## Directions for this task
Starting at the line holding "B. toys - Vehicle" and finishing at the line holding "Michael Kors T-shirt", transcribe the material exactly, keeping both ends but no pictures.

## Records supplied

▼▼▼

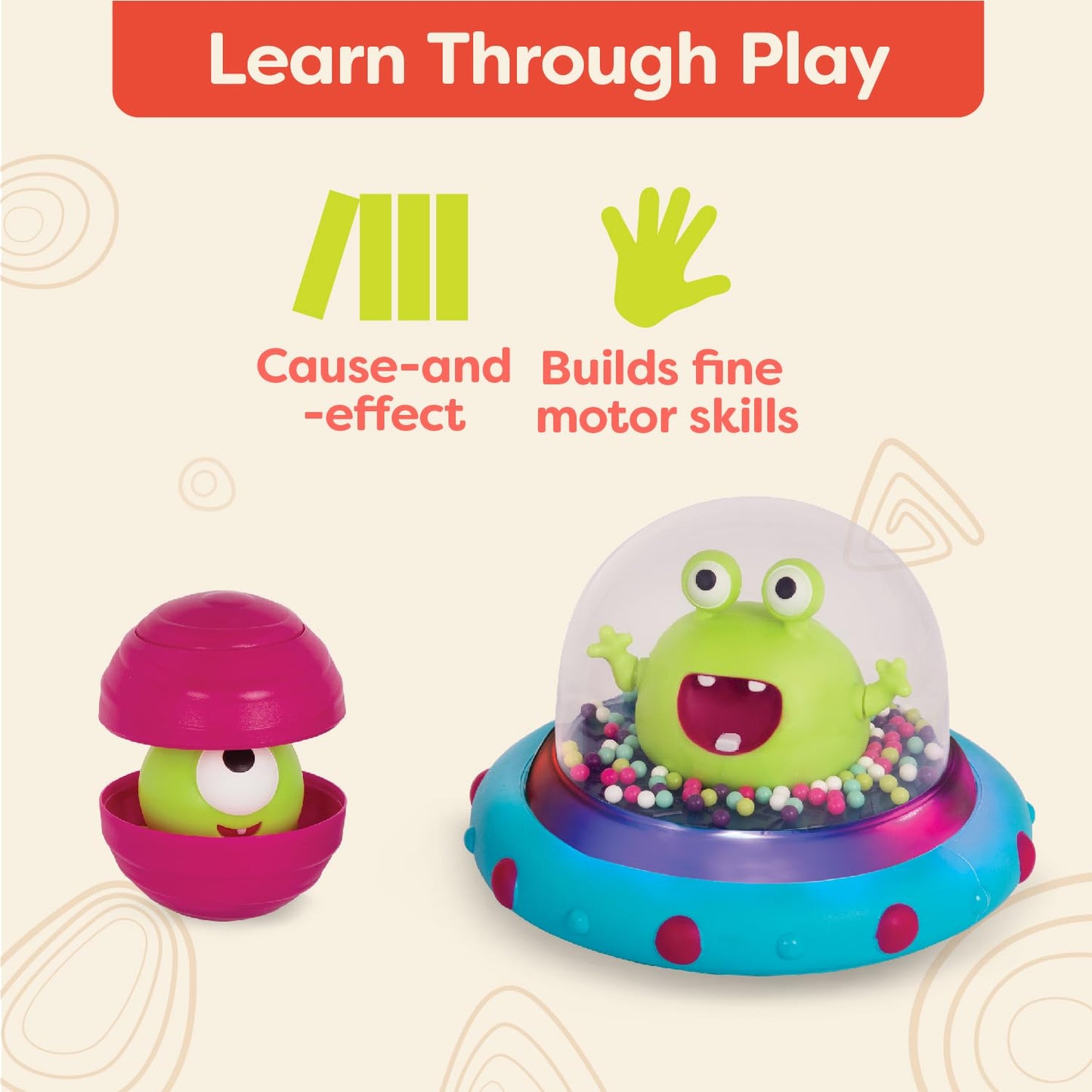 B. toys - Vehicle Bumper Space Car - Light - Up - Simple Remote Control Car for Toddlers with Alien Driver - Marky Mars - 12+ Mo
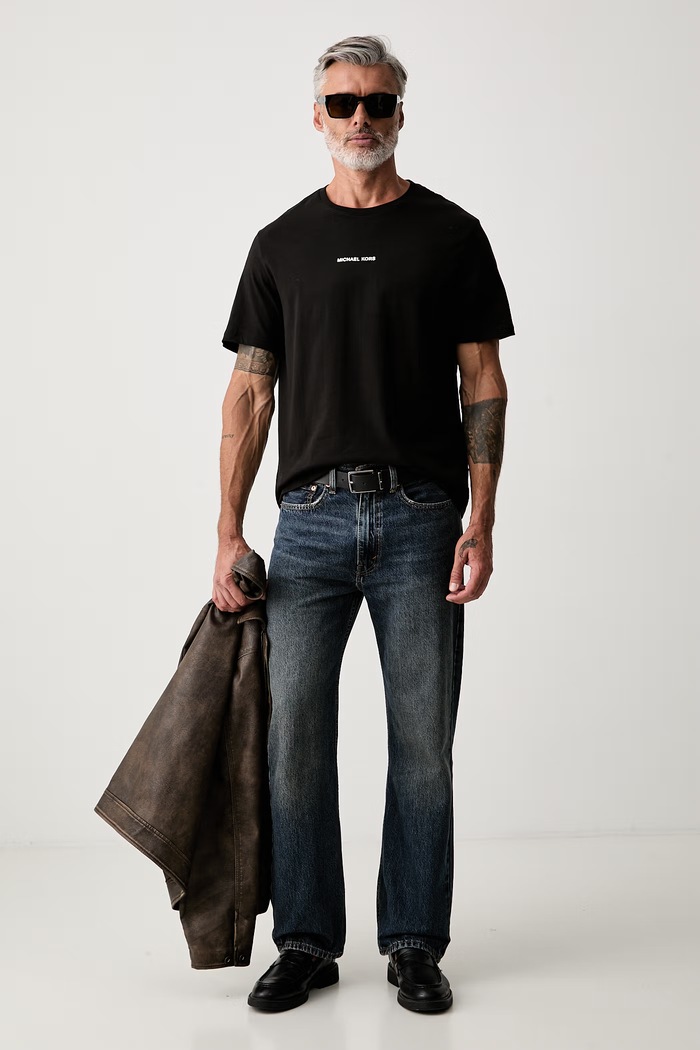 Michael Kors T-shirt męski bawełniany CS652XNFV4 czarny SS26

▲▲▲
▼▼▼

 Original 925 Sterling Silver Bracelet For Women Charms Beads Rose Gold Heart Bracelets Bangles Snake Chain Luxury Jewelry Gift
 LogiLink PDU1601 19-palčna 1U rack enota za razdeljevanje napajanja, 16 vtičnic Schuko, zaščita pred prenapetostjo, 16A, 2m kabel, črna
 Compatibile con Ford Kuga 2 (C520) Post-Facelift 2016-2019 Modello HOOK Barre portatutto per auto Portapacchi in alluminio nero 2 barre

▲▲▲

## Response to this task
 B. toys - Vehicle Bumper Space Car - Light - Up - Simple Remote Control Car for Toddlers with Alien Driver - Marky Mars - 12+ Mo
 Michael Kors T-shirt męski bawełniany CS652XNFV4 czarny SS26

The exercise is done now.